Dispositivo questionado pela PGR altera regras de gratuidade da Justiça.

O ministro Luís Roberto Barroso votou, nesta quinta-feira, 10, por manter dispositivo da reforma trabalhista que modificou regras da gratuidade da Justiça. O texto foi questionado pela PGR na ADIn 5.766, da qual o ministro é relator.

O julgamento teve início na sessão de quarta, quando foram feitas as sustentações orais, e retomado nesta quinta. Entre os dispositivos questionados pela procuradoria-Geral está o que autoriza o uso de créditos trabalhistas obtidos pelo demandante beneficiário de Justiça gratuita, ainda que em outro processo, para pagar honorários periciais e de sucumbência. É questionada também a constitucionalidade do pagamento de custas processuais pelo reclamante beneficiário da gratuidade em caso de ausência injustificada à audiência.

Para o ministro, as novas regras visam a diminuir a litigiosidade excessiva. O ministro votou por apenas dar interpretação conforme a CF para fixar parâmetros sobre as novas regras.

Concluído o voto, o ministro Fux anunciou que pediria vista.

Edson Fachin, então, indicou que apresentaria voto divergente, e, a fim de que a posição fosse também objeto da análise da vista, antecipou sua posição nesta quinta, entendendo pela total inconstitucionalidade dos dispositivos impugnados.

Veja os detalhes dos votos de cada ministro.

Voto do relator

O ministro Barroso iniciou seu voto destacando que na vida, as pessoas avaliam os fenômenos de acordo com seus pontos de observação, de acordo com suas pré-compreensões.

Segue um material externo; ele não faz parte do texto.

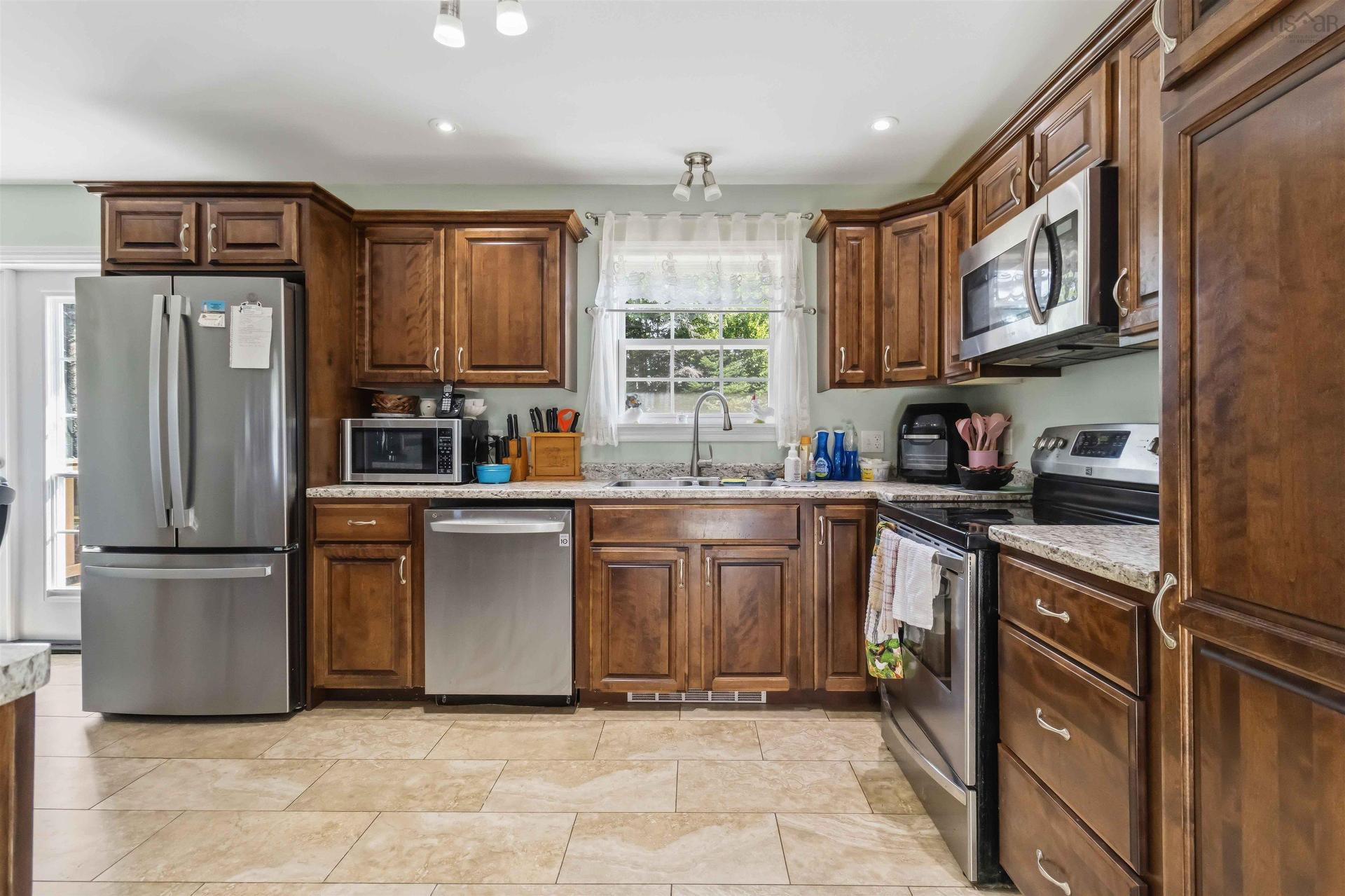 13 Nick Drive, Pine Grove, NS - Indoor Photo Showing Kitchen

Ao tratar da questão em julgamento, no entanto, afirmou que “é preciso desideologizar determinados debates e identificar onde está verdadeiramente o interesse público”.

“Essa é uma das questões mais interessantes e complexas que a Suprema Corte tem discutido desde que cheguei aqui.”

O relator destacou algumas premissas que iria utilizar em seu voto, como a de que é papel do estado contribuir para a redução da desigualdade e para o enfrentamento da pobreza. Assim, disse que levaria em consideração, em seu voto, a melhor locação dos recursos sociais. Ele também apontou que “proteção fora da justa medida desprotege”. “Quem foca, por vezes, no proveito individual de uma pessoa, não é capaz de atentar para o efeito sistêmico negativo que o excesso de protecionismo muitas vezes acarreta.”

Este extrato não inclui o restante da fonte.